Classic Americana Traditional Chair Remains A National Favorite

Elaine Markoutsas Universal Press Syndicate

The image of a mother seated in a rocking chair, lulling her baby to sleep with a comforting to-and-fro motion, exudes warmth. A rocker beside a blazing fire or welcoming visitors to a front porch is classic Americana. Among the most democratized pieces of furniture, rockers have been welcome everywhere from the humblest homes to the White House.

John F. Kennedy made his rocker famous when he installed it in the Oval Office to ease his ailing back. Jimmy Carter brought five of his Jumbos (a rocker style designed by Thomas Brumby in 1875) to Washington. Abraham Lincoln enjoyed his until the day of his assassination on April 14, 1865. He was sitting in his upholstered rocker at Ford’s Theater when John Wilkes Booth fired the fatal bullet.

“For more than two centuries Americans from all walks of life have been rocking, dozing, dreaming, reading, nursing, spinning tales and orating from rocking chairs,” writes Bernice Steinbaum in her book “The Rocker: An American Design Tradition” (Rizzoli).

The rocker has assumed the status of American icon. Its old-fashioned, homespun image conjures up in many the feelings of family. Steinbaum believes its symbolism is even more profound.

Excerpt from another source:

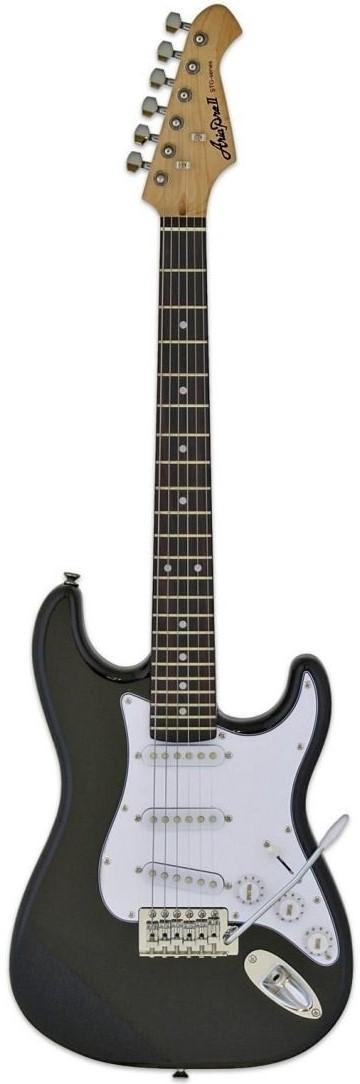 Chitara electrica Aria Pro II STG-Mini Black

“Rocking chairs are for dreams and dreamers,” she said recently. “They’re the place we most associate with life and death, from the cradling of the baby to the rocking in our sunset years. Yet we can enjoy rocking chairs at all ages. The rocker is the most likely piece of furniture to pass down. We all want a piece of yesterday so we can have some tomorrow.”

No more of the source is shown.